John Wayne em cena do filme Areias de Iwo Jima

Jornal do Commercio, Recife, 26 de maio de 2007.
Escrito por Fernando Monteiro

Os heróis do cinema são diferentes dos heróis da literatura e de outras narrativas cujos personagens não se confundem com alguém de carne e osso, durante hora e meia de puro fascínio (dependendo da boa mão de roteiristas e diretores, é claro).
Bronco Billy, quase caricato, William S.Hart – cara quadrada e amarrada, caubói taciturno - , Ken Maynard, Tom Mix (chapelão ridículo, acrobata sobre cavalos) e o grisalho Hopalong Cassidy foram alguns dos heróis que vieram antes de Cooper e Wayne, ainda na fase muda, com alguns passando para o cinema sonoro... e, neste, se apagando como estrelas cadentes do Oeste.
Gary Cooper surgiu um pouco antes de John Wayne, e talvez permanecesse o “N°1” enquanto um câncer não lhe foi minando as forças de Montana, e tornando difícil, para ele, enfrentar as durezas da filmagem de um western.
Cooper faleceu em 1961, e, a partir de então, só restou uma unanimidade capaz de ser um nome-gênero (“Filmes de JW”) assumindo o ator – com o seu estilo bem diverso das hesitações e tibiezas de Cooper – a persona que ele desenvolveu, dentro e fora dos westerns, em filmes como Depois do Vendaval, Um fio de Esperança e Hatari!
Calçado com botas texanas ou enfiado numa farda de oficial americano em luta contra o eterno “inimigo” (do qual, parece, sempre necessita o Tio Sam – talvez para comprovar uma viriliadade algo alquebrada), o homem que hoje faria cem anos veio representar o melhor e o pior do cinema que ainda nos faz “madrugar” para assistir à quase “matuta” entrega do Oscar (que Wayne também ganhou, pela sua soberba criação de Rooster Cogburn, o personagem inesquecível de um dos melhores faroestes de mestre Henry Hathaway: The Grit/Bravura Indômita, de 1969).
Seu nome de batismo era Marion Michael Morrison e esse improvável “Marion” havia nascido em 26 de maio de 1907, filho de um farmacêutico e de uma dona de casa tipicamente americana, elogiada pelas boas tortas de maçãs  pelos poucos neurônios.
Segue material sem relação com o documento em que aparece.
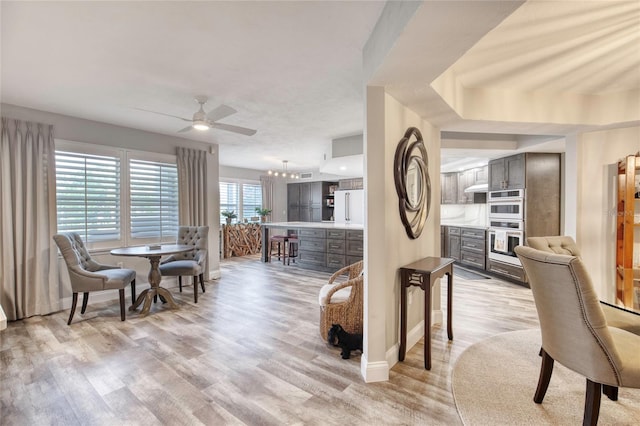 1 John Anderson Dr Unit 1030, Ormond Beach, FL 32176 - dining area with light wood-style floors and ceiling fan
Seu filho campeão de futebol americano nunca gostou de ser “Marion” e viria a mudar o nome para John Wayne, fácil de decorar – quando os aplausos dos estádios o motivaram a tentar a sorte nos estúdios de cinema, com seu 1,92 metro de altura, para impressionar logo de cara. E, por falar em caras, a dele tinha aquela confiança (burra?) no futuro protegido por uma estátua da Liberdade de braço levantado alto demais acima das cabeças dos emigrantes – para quem aquela senhora de pedra talvez gostasse de apagar, aqui e ali, a sua tocha elevada côo um sinal de fumaça nas alturas “Torres Gêmeas”...
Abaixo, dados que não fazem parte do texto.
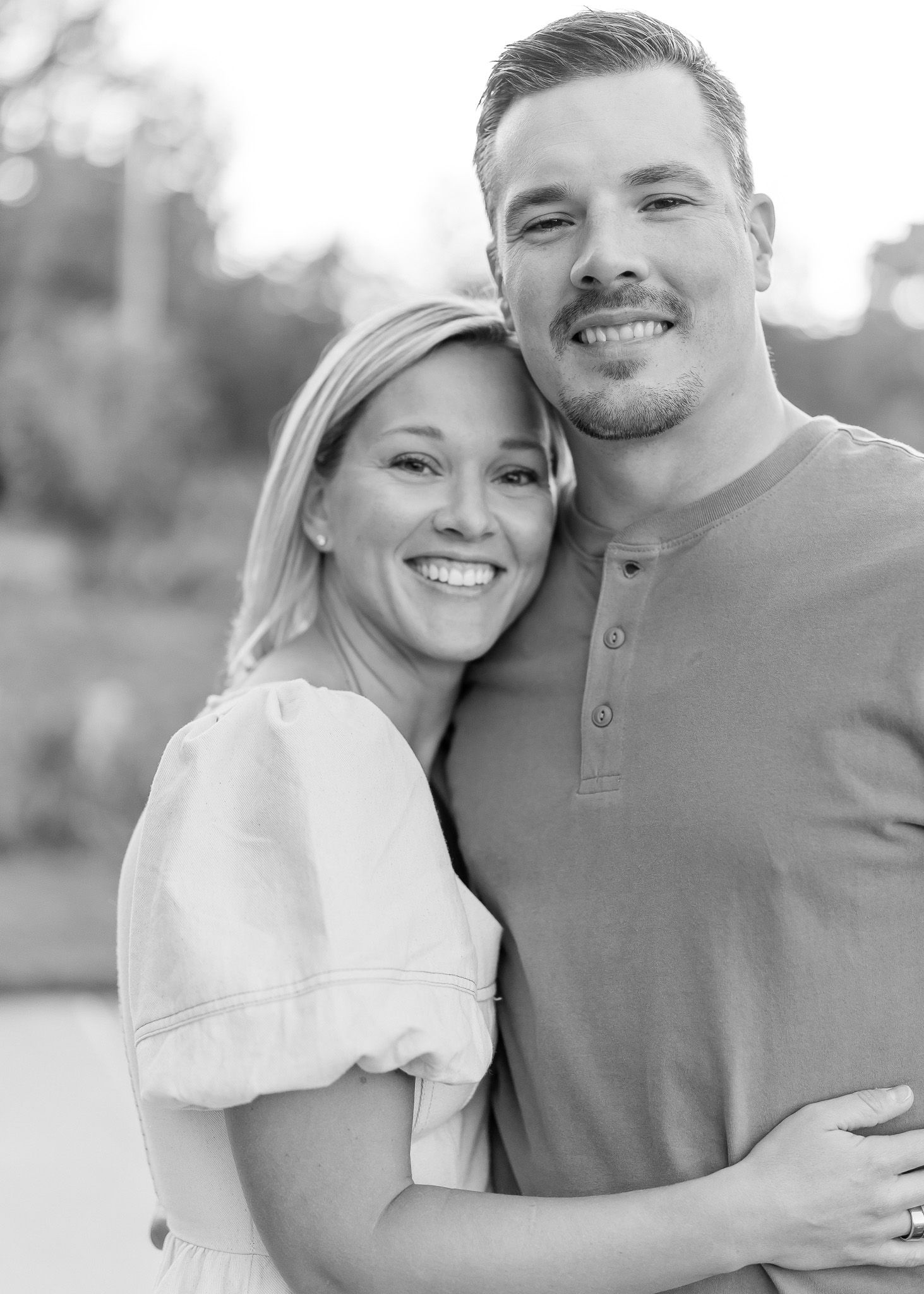 A romantic black and white photo series showing a couple embracing and smiling together outdoors.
Marion, isto é, John, cresceu acreditando nos velhos e famosos “valores americanos”. Bom rapaz. Após atuar em muita porcaria (não só do Oeste), o genial John Ford o escalou para viver “Ringo” da obra-prima Stagecoach. Corria o ano de 1939, e o filme viria a se inscrever na história do Cinema dos EUA como avanço decisivo na caminhada dos caubóis para a maturidade psicológica, como personagens broncos redimidos por incertezas e dúvidas. Com esse faroeste em ascético claro-escuro (cujo título aqui foi No tempo das diligências), Wayne despontou ao pleno estrelato.
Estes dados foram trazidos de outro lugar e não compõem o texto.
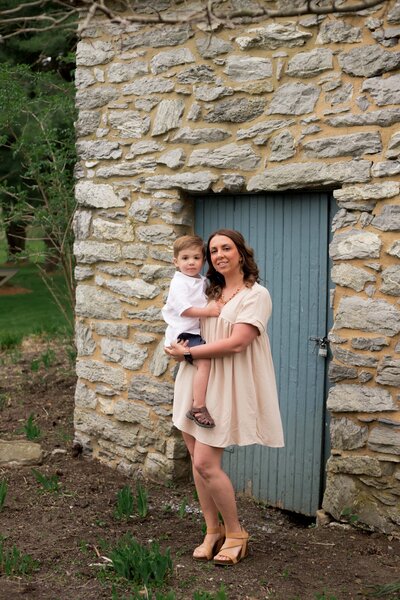 Mom in a cream dress holding young son in front of a stone building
Ford gostava dele e John passou também pelas mãos do experiente Hawks, em cerca de três filmes bem dirigidos. Um dos quais, o memorável Rio Bravo (no Brasil, Onde começa o inferno, 1959), western da melhor safra dos anos 50, em que o antigo jogador Marion provava que sabia atuar, quando a qualidade era exigida por um diretor inspirado.
Sua mais complexa composição, entretanto, de um personagem da pradaria, teceu sob as ordens de John Ford, mais uma vez. Em 1956, o cineasta-bardo das fronteiras da ambigüidade, resolveu levar para a tela uma excelente novela de Alan Le May, intitulada The Searchers/Rastros de Ódio, que tratava do amor contrariado, do preconceito de raça e de seres machucados pela guerra ou com os corações endurecidos por outros motivos. Ford confiou a Wayne o papel central de Etham Edwards, um ex-militar na caça obsessiva da sobrinha (raptada por guerreiros comanches), até porque Etham não suportava a idéia de que havia crescido e, certamente, teria sido obrigada a se tornar amante e mulher de índios (por ele odiados, como estupradores e assassinos da cunhada, o seu grande amor).